▶ _EXERCISE BRIEF_:
Exclude the pictures and reproduce exactly the lines that run from the one holding "Regular Kalıp Kadın" to the end of the entries below.

*** RECORDS SHOWN Section Begins ***

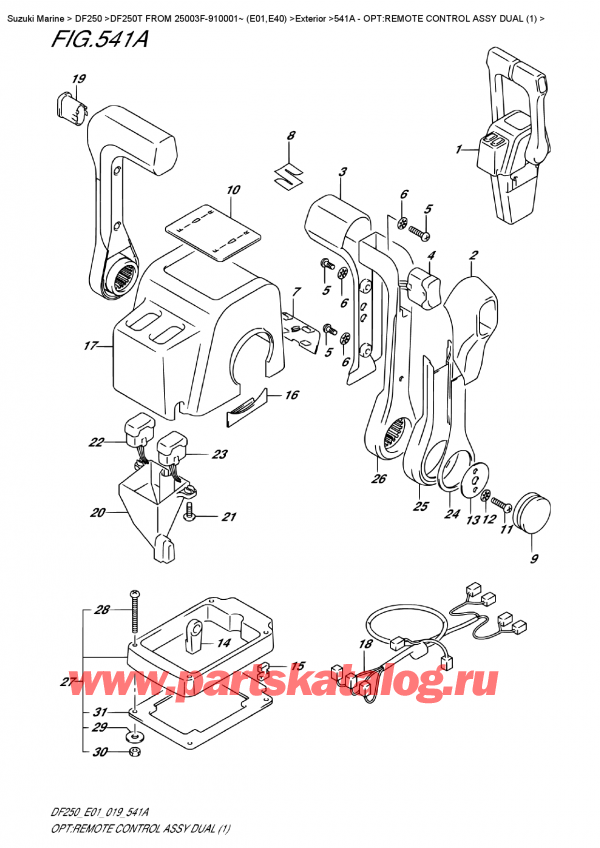 ��������� ��������, �� ��������� ���������, Suzuki DF250T X / XX FROM 25003F-910001~ (E01), Opt:remote  Control  Assy  Dual  (1)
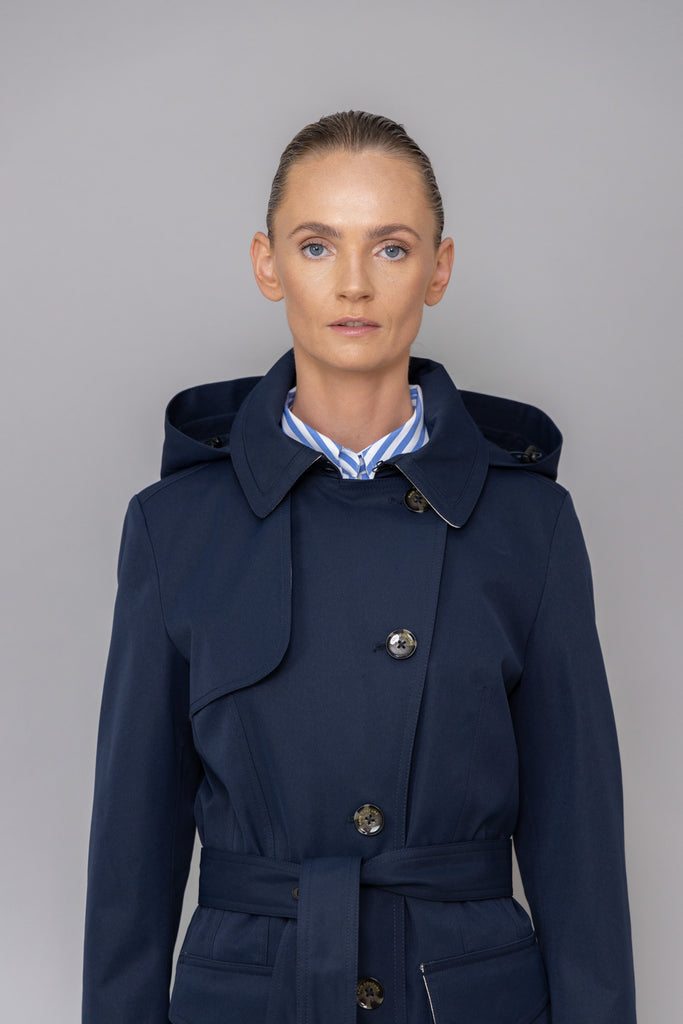 Waterproof Tailored To Fit Trenchcoat  | Navy Matte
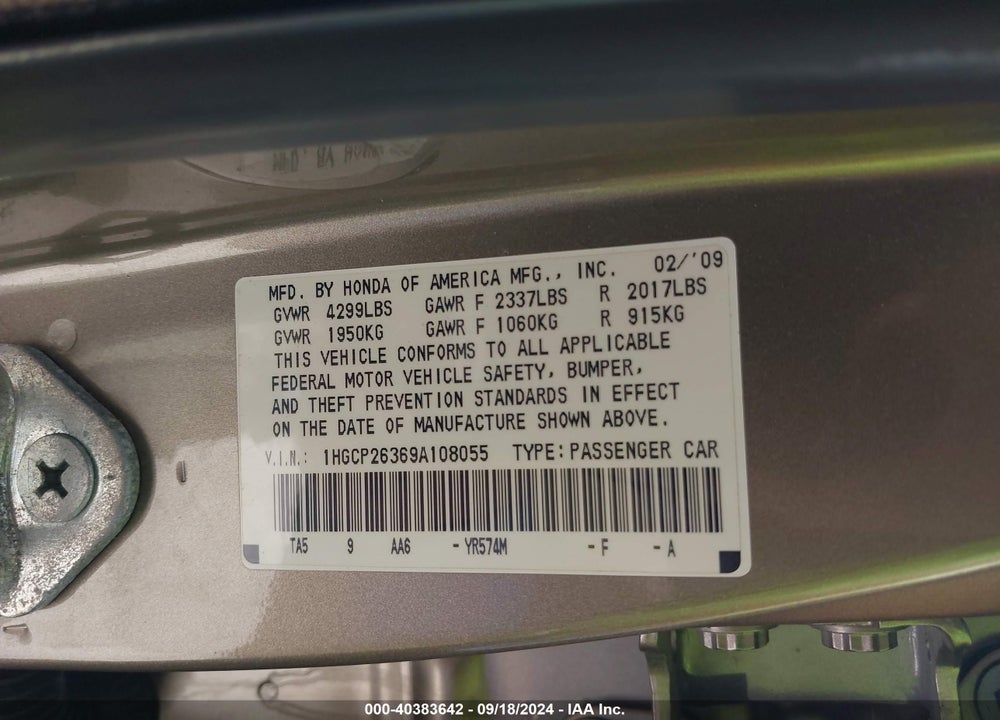 2009 HONDA ACCORD 2.4 LX VIN: 1HGCP26369A108055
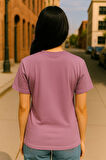 Regular Kalıp Kadın - Erkek Unisex Basic Tişört Pembe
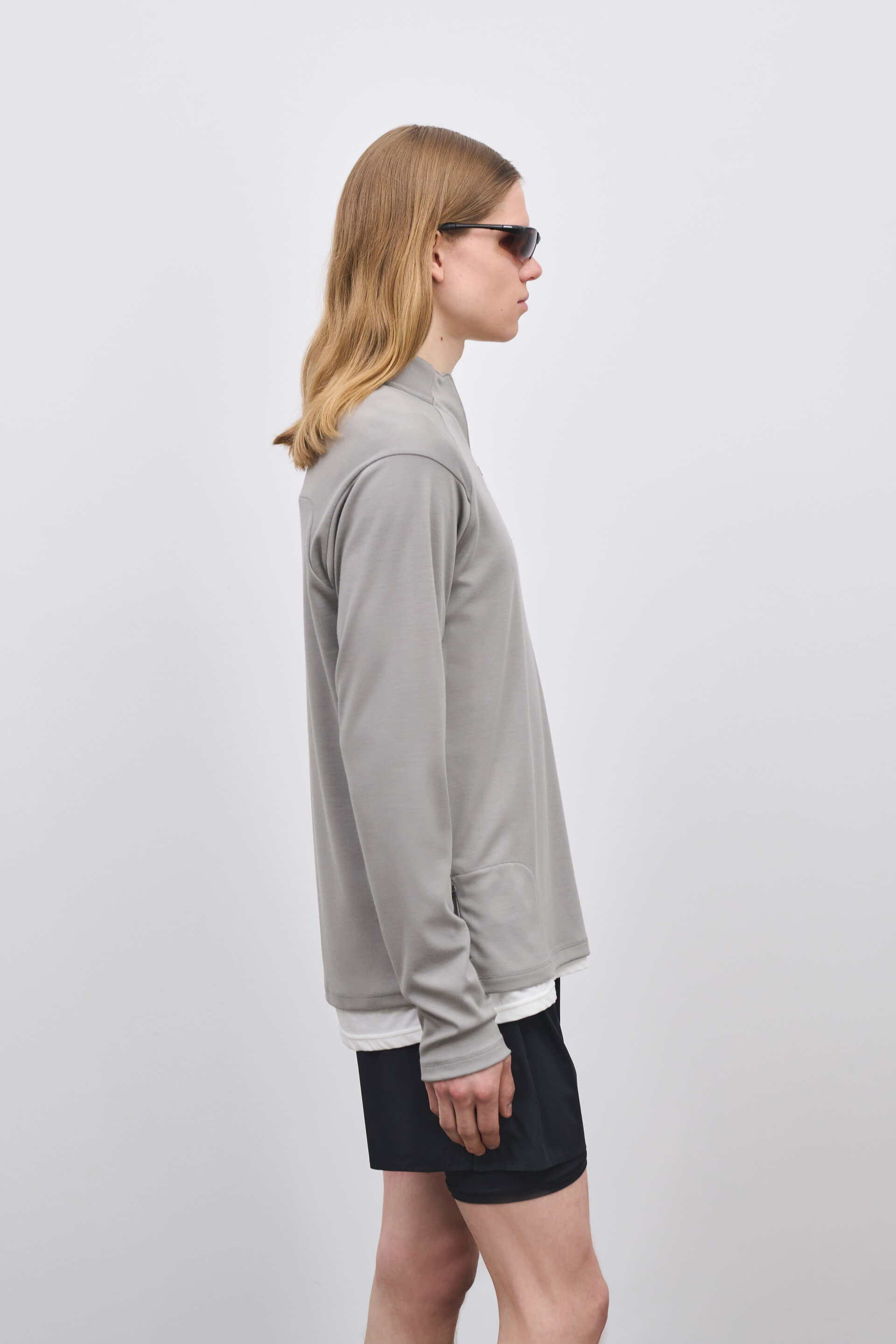 Literary Sport - Claude Mens Quarter Zip Running Long Sleeve T-Shirt - Grey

*** RECORDS SHOWN Section Ends ***

▶ _ANSWER TO THE EXERCISE_:
 Regular Kalıp Kadın - Erkek Unisex Basic Tişört Pembe
 Literary Sport - Claude Mens Quarter Zip Running Long Sleeve T-Shirt - Grey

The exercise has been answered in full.